Some people cope with unsettling news by shutting themselves off from the media. For others, getting as much information as they can helps them put the odds of a threat in context, said Manevitz.

“But people with a susceptibility to PTSD (post-traumatic stress disorder), anxiety or depression may have a more amplified reaction,” he said.

For young children, he recommends restricting media coverage. Kids 7 and younger don’t understand what they’re seeing and can become anxious or sleepless, Manevitz said.

For older kids, “it’s best to be involved with what they see so you can explain what’s happening and put disasters in context,” he explained. “Tell them, ‘We have police and firemen to keep us safe.’ “

Also, share your feelings with children, tell them the truth and reassure them, he added.

As difficult as these topics may be to discuss, parents shouldn’t avoid them, says the American Psychological Association.
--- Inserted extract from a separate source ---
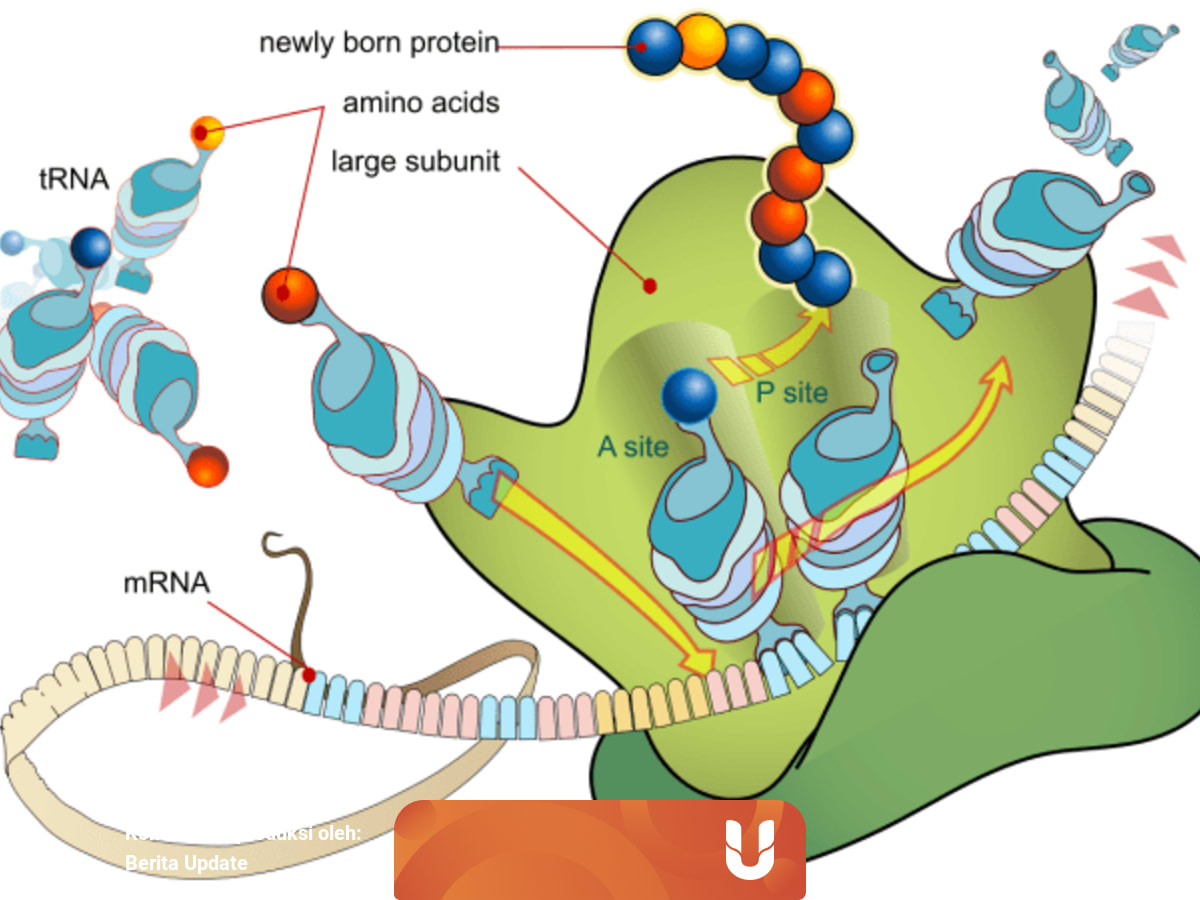 Apa Itu Protein Fungsional - Evolusi Terarah Dari Reseptor ...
“Children often learn or know when something sad or scary happens. If adults don’t talk to them about it, a child may overestimate what is wrong or misunderstand adults’ silence,” according to the association.

Sharing troubling news can also have long-term benefits. “When parents tackle difficult conversations, they let their children know that they are available and supportive,” the psychologists’ group notes.

Manevitz added that parents must keep their own emotions in check. “Parents are role models of coping skills for their children,” he pointed out.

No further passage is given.